Density surface fitting to estimate the abundance of humpback whales based on the NASS-95 and NASS- 2001 aerial and shipboard surveys
Keywords:abundance, humpback whales, surveys, density
AbstractGeneralized additive models (GAMs) with spatially referenced covariates were fitted to data collected during the 1995 and 2001 Icelandic (shipboard and aerial) and Faroese (shipboard only) components of the North Atlantic Sightings Surveys (NASS-95 and NASS-2001). The shipboard surveys extended from the east coast of Greenland, around Iceland, down to an area along the west coast ofIreland (in 1995) and to the north of the United Kingdom (in 2001). In contrast, the aerial surveys were limited to Icelandic coastal waters only. The aim of the analysis was to predict density, and hence abundance, of humpback whales throughout the survey regions and also to establish if there was any evidence that humpback whale density was related to sea surface temperature or depth.
Fitting GAMs to the 1995 data proved problematic and so various subsets of the data were used in an attempt to improve the model fitting. Such difficulties did not occur with the 2001 data. Confidence intervals (CIs) for the abundance estimates were estimated using bootstrap sampling methods.

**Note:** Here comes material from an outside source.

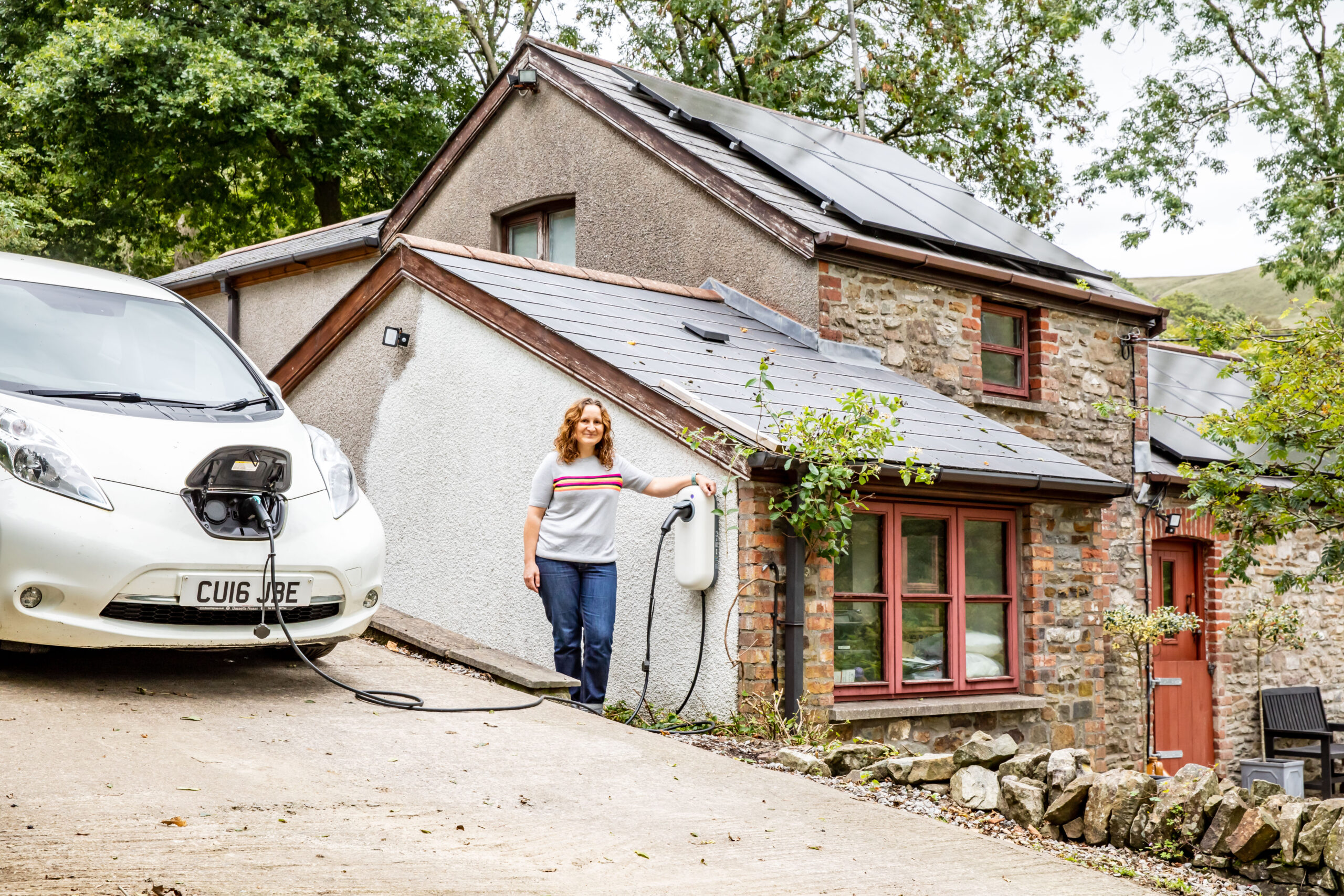 Woman charging electric car at home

The estimated humpback whale abundance for the region covered by the aerial and shipboard surveys in 1995 was 10,521 (95% CI: 3,716–24,636) using all available data and 7,625 (3,641–22,424) if survey blocks with 0 sightings around the Faroes and south of 60˚ N where no humpback whales were detected were excluded from the analysis. The estimate for the total survey region in 2001 was 14,662 (9,441–29,879). The high upper bounds of the confidence intervals were thought to be caused by a paucity of effort over wide areas of the survey leading to interpolation. Overall, the uncertainty associated with these abundance estimates was approximately equal to, or greater than, that associated with a stratified distance analysis. Given these wide CIs the evidence for a substantial difference in abundance between years was equivocal. However there was evidence to suggest that humpback whales congregated in shallower waters between 6–8˚C.